((

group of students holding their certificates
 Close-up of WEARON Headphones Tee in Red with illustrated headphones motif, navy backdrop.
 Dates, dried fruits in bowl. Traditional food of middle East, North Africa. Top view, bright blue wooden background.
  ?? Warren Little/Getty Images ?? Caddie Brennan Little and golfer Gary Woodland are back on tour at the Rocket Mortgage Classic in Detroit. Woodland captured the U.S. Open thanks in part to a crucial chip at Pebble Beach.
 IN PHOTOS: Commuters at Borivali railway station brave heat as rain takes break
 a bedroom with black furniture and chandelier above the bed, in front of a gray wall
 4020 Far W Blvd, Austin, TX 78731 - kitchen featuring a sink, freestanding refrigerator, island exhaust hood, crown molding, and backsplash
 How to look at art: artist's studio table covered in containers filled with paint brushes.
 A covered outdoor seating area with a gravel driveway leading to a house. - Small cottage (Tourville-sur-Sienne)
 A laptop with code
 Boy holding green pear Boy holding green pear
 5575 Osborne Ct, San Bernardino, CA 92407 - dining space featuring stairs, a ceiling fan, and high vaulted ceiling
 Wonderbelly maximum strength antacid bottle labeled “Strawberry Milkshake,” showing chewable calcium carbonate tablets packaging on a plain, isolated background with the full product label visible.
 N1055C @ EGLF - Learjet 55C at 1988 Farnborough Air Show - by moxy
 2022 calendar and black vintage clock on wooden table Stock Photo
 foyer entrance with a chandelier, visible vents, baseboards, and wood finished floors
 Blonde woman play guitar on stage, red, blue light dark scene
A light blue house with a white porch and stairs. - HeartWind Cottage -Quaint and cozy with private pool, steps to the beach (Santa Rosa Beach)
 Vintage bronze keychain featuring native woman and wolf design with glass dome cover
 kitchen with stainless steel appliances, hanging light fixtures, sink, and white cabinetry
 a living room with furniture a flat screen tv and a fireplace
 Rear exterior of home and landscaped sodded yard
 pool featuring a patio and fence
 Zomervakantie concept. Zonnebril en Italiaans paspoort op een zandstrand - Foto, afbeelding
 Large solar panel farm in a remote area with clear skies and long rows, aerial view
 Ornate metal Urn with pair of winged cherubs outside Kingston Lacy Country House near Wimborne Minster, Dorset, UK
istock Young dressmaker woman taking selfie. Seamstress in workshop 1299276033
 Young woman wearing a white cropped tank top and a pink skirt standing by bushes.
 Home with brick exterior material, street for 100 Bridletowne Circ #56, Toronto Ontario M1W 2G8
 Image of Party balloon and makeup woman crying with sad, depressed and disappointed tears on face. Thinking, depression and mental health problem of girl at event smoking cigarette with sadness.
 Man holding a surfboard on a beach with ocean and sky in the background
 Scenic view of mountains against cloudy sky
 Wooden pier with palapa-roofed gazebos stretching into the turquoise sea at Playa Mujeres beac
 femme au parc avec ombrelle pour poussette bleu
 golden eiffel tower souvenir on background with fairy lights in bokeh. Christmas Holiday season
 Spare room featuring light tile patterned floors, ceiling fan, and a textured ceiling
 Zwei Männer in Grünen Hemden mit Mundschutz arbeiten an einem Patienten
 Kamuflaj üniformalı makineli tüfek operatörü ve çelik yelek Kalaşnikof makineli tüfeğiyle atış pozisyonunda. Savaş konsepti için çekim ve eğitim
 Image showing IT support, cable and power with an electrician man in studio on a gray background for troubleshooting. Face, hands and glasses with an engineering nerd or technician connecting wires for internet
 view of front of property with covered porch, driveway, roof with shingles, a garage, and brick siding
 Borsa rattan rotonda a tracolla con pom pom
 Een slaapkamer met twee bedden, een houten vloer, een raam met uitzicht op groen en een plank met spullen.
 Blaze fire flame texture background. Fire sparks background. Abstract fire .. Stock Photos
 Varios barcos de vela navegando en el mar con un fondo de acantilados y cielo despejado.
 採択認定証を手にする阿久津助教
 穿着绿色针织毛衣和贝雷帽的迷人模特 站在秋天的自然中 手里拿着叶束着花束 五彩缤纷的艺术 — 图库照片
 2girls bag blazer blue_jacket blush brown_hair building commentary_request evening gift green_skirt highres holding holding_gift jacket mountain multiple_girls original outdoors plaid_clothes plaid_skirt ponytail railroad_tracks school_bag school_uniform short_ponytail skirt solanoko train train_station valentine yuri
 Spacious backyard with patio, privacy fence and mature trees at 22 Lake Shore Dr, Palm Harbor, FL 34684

))

Task details: In the listing above, find the line that contains "Image showing IT". Write it out exactly, along with each line after it up to and including the last.

Solution for this exercise:
 Image showing IT support, cable and power with an electrician man in studio on a gray background for troubleshooting. Face, hands and glasses with an engineering nerd or technician connecting wires for internet
 view of front of property with covered porch, driveway, roof with shingles, a garage, and brick siding
 Borsa rattan rotonda a tracolla con pom pom
 Een slaapkamer met twee bedden, een houten vloer, een raam met uitzicht op groen en een plank met spullen.
 Blaze fire flame texture background. Fire sparks background. Abstract fire .. Stock Photos
 Varios barcos de vela navegando en el mar con un fondo de acantilados y cielo despejado.
 採択認定証を手にする阿久津助教
 穿着绿色针织毛衣和贝雷帽的迷人模特 站在秋天的自然中 手里拿着叶束着花束 五彩缤纷的艺术 — 图库照片
 2girls bag blazer blue_jacket blush brown_hair building commentary_request evening gift green_skirt highres holding holding_gift jacket mountain multiple_girls original outdoors plaid_clothes plaid_skirt ponytail railroad_tracks school_bag school_uniform short_ponytail skirt solanoko train train_station valentine yuri
 Spacious backyard with patio, privacy fence and mature trees at 22 Lake Shore Dr, Palm Harbor, FL 34684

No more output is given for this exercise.